▸ Task description
Starting at the line that contains "Xe thân gỗ Morgan", print every remaining line of the entries, unchanged, and output nothing more.

▸ Web page caption snippets
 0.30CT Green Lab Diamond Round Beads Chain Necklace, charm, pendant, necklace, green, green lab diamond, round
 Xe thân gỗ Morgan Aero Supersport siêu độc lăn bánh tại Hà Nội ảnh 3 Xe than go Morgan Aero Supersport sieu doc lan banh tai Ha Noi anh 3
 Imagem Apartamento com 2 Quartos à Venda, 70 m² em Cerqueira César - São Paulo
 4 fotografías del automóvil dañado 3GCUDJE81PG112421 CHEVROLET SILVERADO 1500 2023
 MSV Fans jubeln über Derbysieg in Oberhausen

▸ Result for this exercise
 Xe thân gỗ Morgan Aero Supersport siêu độc lăn bánh tại Hà Nội ảnh 3 Xe than go Morgan Aero Supersport sieu doc lan banh tai Ha Noi anh 3
 Imagem Apartamento com 2 Quartos à Venda, 70 m² em Cerqueira César - São Paulo
 4 fotografías del automóvil dañado 3GCUDJE81PG112421 CHEVROLET SILVERADO 1500 2023
 MSV Fans jubeln über Derbysieg in Oberhausen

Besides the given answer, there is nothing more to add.